Start of Supplied entries

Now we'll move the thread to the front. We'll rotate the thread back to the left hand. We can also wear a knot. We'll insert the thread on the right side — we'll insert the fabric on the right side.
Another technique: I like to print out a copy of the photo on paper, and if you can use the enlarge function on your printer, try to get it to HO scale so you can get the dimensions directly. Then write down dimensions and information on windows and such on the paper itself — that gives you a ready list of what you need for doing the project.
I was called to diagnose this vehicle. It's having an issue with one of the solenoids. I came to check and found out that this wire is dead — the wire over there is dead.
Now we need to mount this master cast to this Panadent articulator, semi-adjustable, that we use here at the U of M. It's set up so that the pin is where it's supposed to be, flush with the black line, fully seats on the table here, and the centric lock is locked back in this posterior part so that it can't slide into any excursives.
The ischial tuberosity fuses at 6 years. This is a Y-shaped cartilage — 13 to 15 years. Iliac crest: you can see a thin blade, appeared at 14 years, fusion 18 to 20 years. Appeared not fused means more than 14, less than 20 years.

End of Supplied entries

Work request: Go through the records and set every one down exactly.

Solution for this exercise:
Now we'll move the thread to the front. We'll rotate the thread back to the left hand. We can also wear a knot. We'll insert the thread on the right side — we'll insert the fabric on the right side.
Another technique: I like to print out a copy of the photo on paper, and if you can use the enlarge function on your printer, try to get it to HO scale so you can get the dimensions directly. Then write down dimensions and information on windows and such on the paper itself — that gives you a ready list of what you need for doing the project.
I was called to diagnose this vehicle. It's having an issue with one of the solenoids. I came to check and found out that this wire is dead — the wire over there is dead.
Now we need to mount this master cast to this Panadent articulator, semi-adjustable, that we use here at the U of M. It's set up so that the pin is where it's supposed to be, flush with the black line, fully seats on the table here, and the centric lock is locked back in this posterior part so that it can't slide into any excursives.
The ischial tuberosity fuses at 6 years. This is a Y-shaped cartilage — 13 to 15 years. Iliac crest: you can see a thin blade, appeared at 14 years, fusion 18 to 20 years. Appeared not fused means more than 14, less than 20 years.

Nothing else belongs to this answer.